The following night – Saturday, January 12th, around 9:55pm – a group of individuals gathered on 102nd Street between Central Park West and Manhattan Avenue. A fight reportedly broke out and shots were fired. No one was hurt, but 24th Precinct detectives are seeking the public’s help in identifying the individuals seen in surveillance photos from the scene. The incident may be connected to the McClain homicide, but the investigation is ongoing, Lynch said. ‘The time frame between the homicide on Thursday and the shots fired incident on Saturday night is not something that’s being ignored by us here at the precinct.”
The 24th Precinct's Detective Squad is endeavoring to identify the pictured subjects in connection to SHOTS FIRED call that occurred on W102nd St btw. Central Park West & Manhattan Avenue on Sat Jan 12th at approx. 09:55PM. Please contact the Squad at 212-678-1863 with any info. pic.twitter.com/4fSWZRpLz1
— NYPD 24th Precinct (@NYPD24Pct) January 16, 2019
Lynch also revealed another connecting point between McClain’s stabbing and other recent crimes.
Last August, WSR reported the shooting of an unidentified teenage boy in front of the DeHostos Apartments. Lynch said that the victim in that incident was Jashawn Gorham, who is now charged in McClain’s murder. Lynch said the alleged shooter in the August incident, Jermaine Johnson, 20, was one of three individuals arrested on January 3, 2019, and charged in a federal case in conjunction with the NYPD’s Manhattan North Gang Unit.
WSR has covered multiple acts of violence and theft allegedly involving MCF and CAG crew members going back to 2013. Capt. Lynch rattled off a few of the most egregious incidents, including a 2017 shooting at a barber shop on Columbus and 105th. In 2018, Lynch said, the precinct and the Gang Unit were “paying special attention” to Douglass Houses, leading to six other individuals being arrested and brought up on federal charges of distribution of crack cocaine. As a result, complaints of narcotics sales activity – especially around 109th Street – have diminished, he said.

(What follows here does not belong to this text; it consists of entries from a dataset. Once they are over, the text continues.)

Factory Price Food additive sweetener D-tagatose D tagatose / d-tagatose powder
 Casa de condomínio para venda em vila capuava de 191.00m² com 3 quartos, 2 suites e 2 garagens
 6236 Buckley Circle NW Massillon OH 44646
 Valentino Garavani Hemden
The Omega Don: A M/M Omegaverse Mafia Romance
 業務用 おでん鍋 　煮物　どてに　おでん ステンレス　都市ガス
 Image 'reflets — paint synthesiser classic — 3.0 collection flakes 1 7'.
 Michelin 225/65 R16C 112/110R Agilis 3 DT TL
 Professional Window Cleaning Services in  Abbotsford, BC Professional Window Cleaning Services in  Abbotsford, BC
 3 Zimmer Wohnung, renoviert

Today police say they do not know the exact number of youth involved with MCF and CAG on the Upper West Side. Nor can officers say whether a handful of individuals is responsible for the majority of the crews’ suspected criminal acts.
But officers have committed to being extra vigilant against any retaliatory violence stemming from the McClain murder. “There has been and will continue to be an increase in the number of officers patrolling the precinct,” Lynch said. “Here at the 24th, I have officers coming in on their days off to monitor both the Douglass area, the Wise area and the area in between where we had the incident last week.”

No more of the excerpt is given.